There has been growing consensus that our society must transition to a renewable energy based economy to avoid a major climate disaster. Despite significant progress in renewable energy technologies such as solar and wind, the intermittency of such energy sources remains one of the biggest roadblocks in their widespread adoption. To offset the intermittency of renewable energy sources, they must be coupled with effective energy storage schemes, which act as backup energy supply when the renewable energy is offline. Hydrogen is widely regarded as a promising vehicle for energy storage due to its versatility and high energy density. In this scheme, renewable electricity is used to power the electrochemical conversion of water to hydrogen and oxygen through a process known as water electrolysis. The hydrogen is then stored and utilized to produce electricity on-demand. The development of renewable hydrogen is central to Canada's commitment to reach net-zero emissions by 2050. Canada is primed to become a world leader in low-carbon hydrogen generation, which could lead to more than $50-billion in domestic revenues and up to 190 million tonnes-CO2e reduction in emissions. A prominent technology for hydrogen generation is the proton exchange membrane (PEM) electrolyzer, which is capable of producing pure hydrogen at high pressures. While PEM electrolysis technology has been around since the 1960s, its energy efficiency must be improved dramatically to become economically competitive at large scales. The progress of efficiency improvement has been hindered by the lack of a mathematical modelling framework capable of capturing the complex multi-component, multiphase transport process inside PEM electrolyzers. The goal of the proposed project is to develop a comprehensive, thermodynamics-based mathematical description of reaction and transport through PEM electrolyzer, and to establish a long-term research consortium on PEM electrolysis with Germany. The modelling framework and the research consortium will accelerate the development of next generation electrolyzers and contribute to maintaining Canada and Germany as global leaders in hydrogen technology.

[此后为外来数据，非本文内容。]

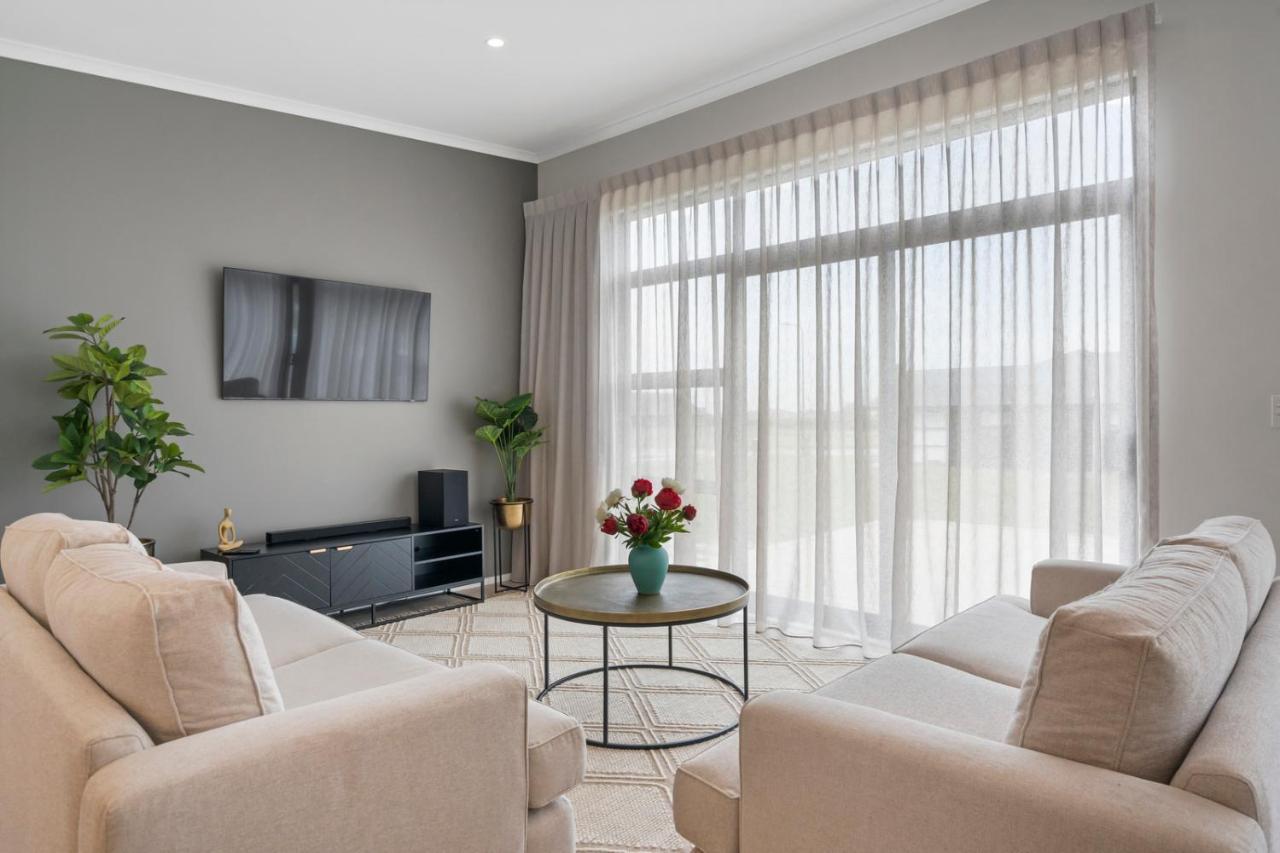 Pride Of Pinot - Martinborough Holiday Home Ngoại thất bức ảnh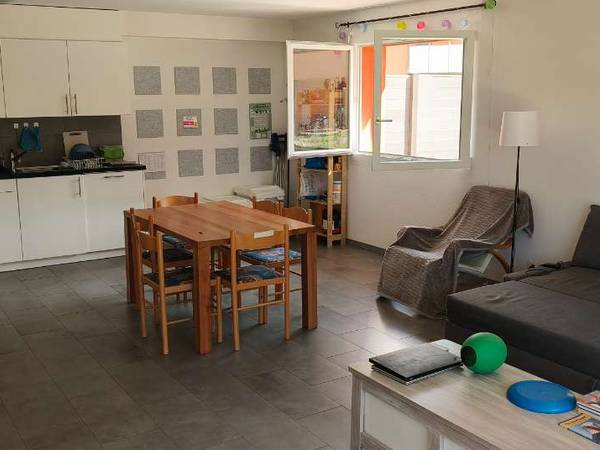 Colocation / Appartement 4 pièces de 110 m², Chavannes-près-Renens, Avenue de la Gare / Photo 2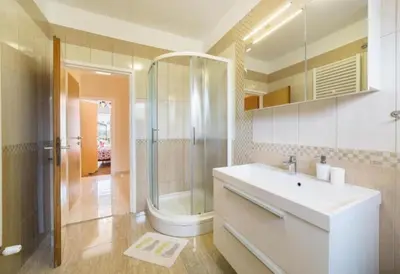 Kupaonica u objektu Apartments with parking space Vodice - 21743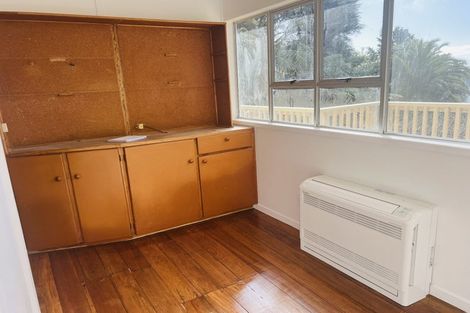 Photo of property in 35 Miro Road, Palm Beach, Waiheke Island, 1081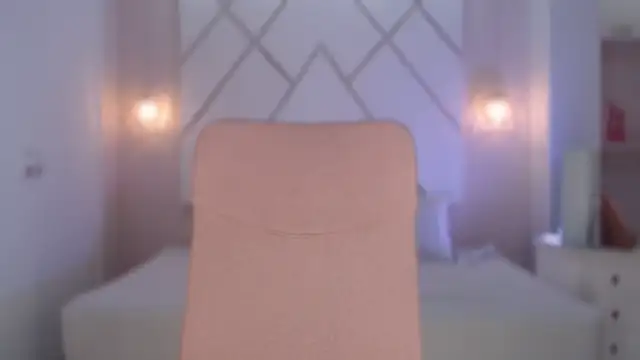 isabellashine online show from October 7, 2025, 3:53 pm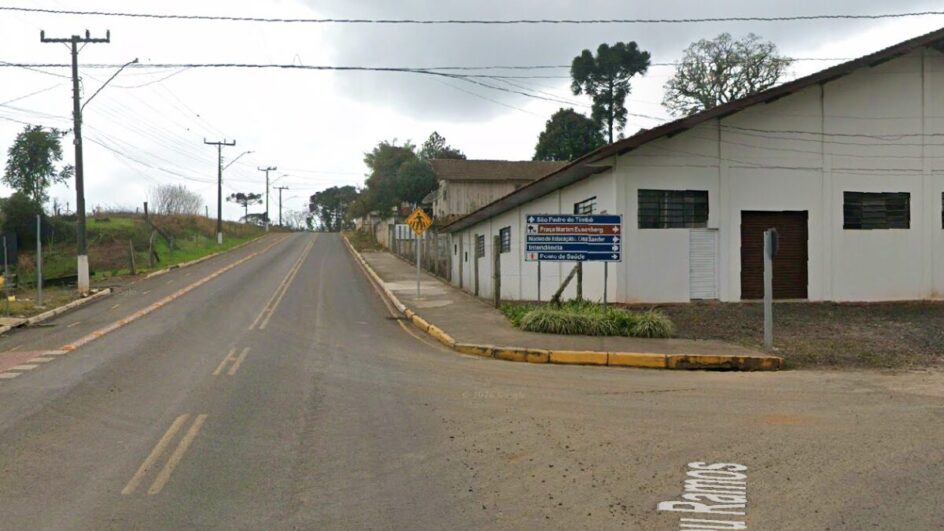 Cruzamento onde o atropelamento aconteceu (Foto: Google Street View, Reprodução)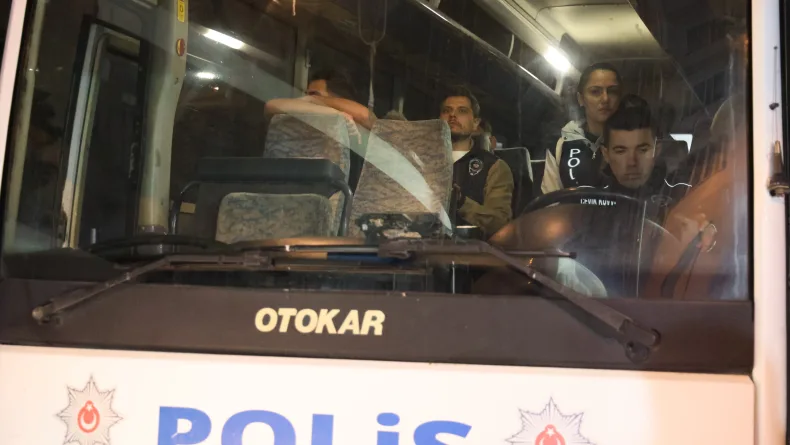 Bayraklı Belediyesi'ne yönelik operasyonda gözaltına alınan 43 şüpheli adliyede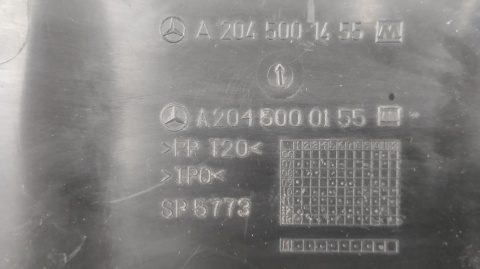 Osłona pasa / Wlot Powietrza Zimnego Mercedes Benz W204
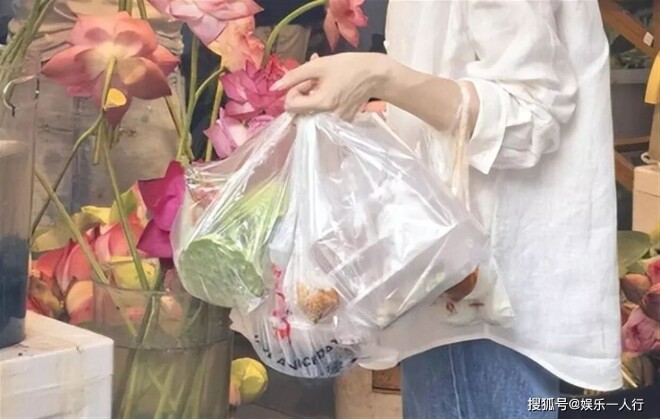胡静杭州偶遇 白衬衫牛仔裤、素颜白皙太冻龄（配图5）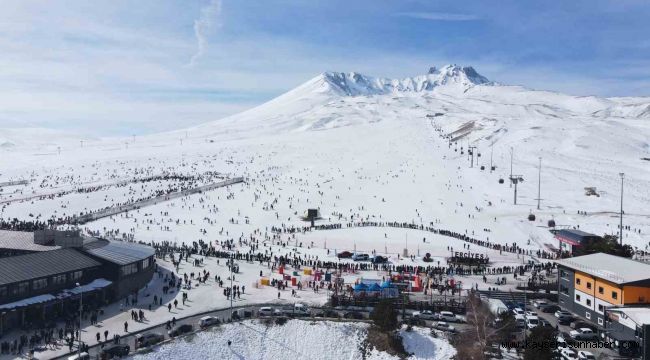 Erciyes'te hafta sonu pistler doldu taştı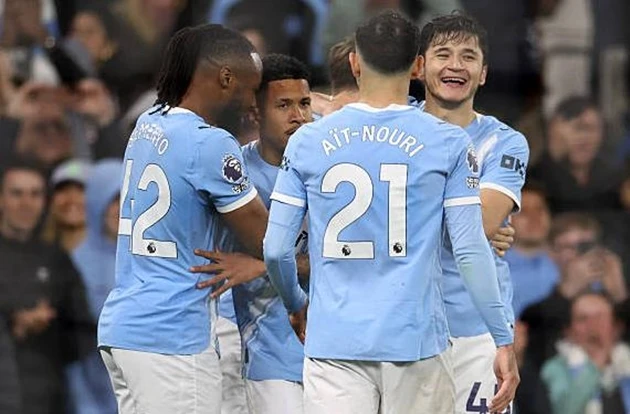 Man City thắng dễ Palace để áp sát ngôi đầu của Arsenal Man City thắng dễ Palace để áp sát ngôi đầu của Arsenal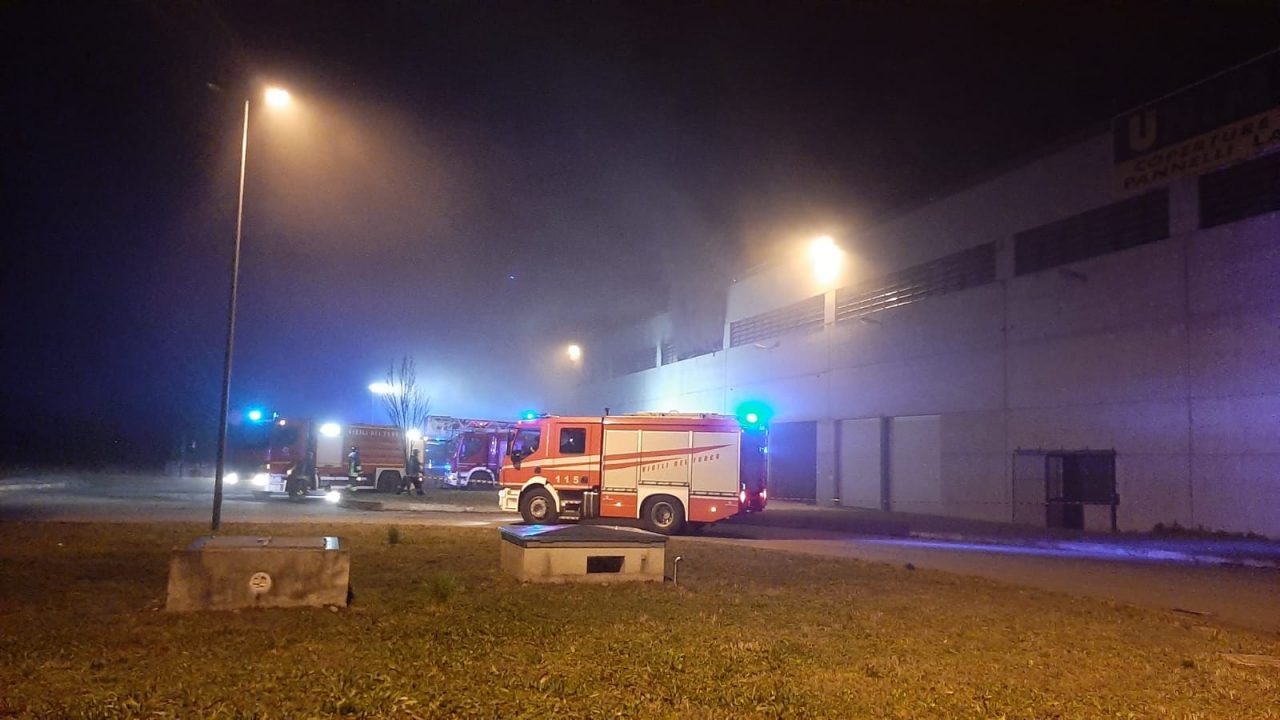 Vasto incendio a Trecate: vigili del fuoco al lavoro per domare le fiamme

人们越来越共识，我们的社会必须过渡到可再生能源的经济，以避免重大的气候灾难。尽管可再生能源技术（例如太阳能和风能）取得了重大进展，但这种能源的间歇性仍然是其广泛采用的最大障碍之一。为了抵消可再生能源的间歇性，必须与有效的能源存储方案结合在一起，当可再生能源离线时，它们充当备用能源供应。由于其多功能性和高能量密度，氢被广泛认为是能源存储的有前途的车辆。在此方案中，可再生电力用于通过称为水电解的过程来为水向氢和氧的电化学转化。然后将氢存储并用来产生按需的电力。可再生氢的开发是加拿大到2050年达到零排放的承诺至关重要的。加拿大已准备好成为低碳氢发电的世界领导者，这可能会导致超过5000亿美元的国内收入，并最高1.9亿吨-CO2E降低发射。氢生成的著名技术是质子交换膜（PEM）电解核，该膜能够在高压下产生纯氢。虽然PEM电解技术自1960年代以来就已经存在，但必须大大提高其能源效率，以在大规模上具有经济竞争力。由于缺乏能够捕获PEM电解器内部复杂的多组分，多类传输过程的数学建模框架，因此效率提高的进展受到了阻碍。拟议项目的目的是开发对通过PEM电解仪的反应和运输的全面，基于热力学的数学描述，并建立了与德国PEM电解的长期研究联盟。建模框架和研究联盟将加速下一代电解器的发展，并有助于维持加拿大和德国作为氢技术的全球领导者。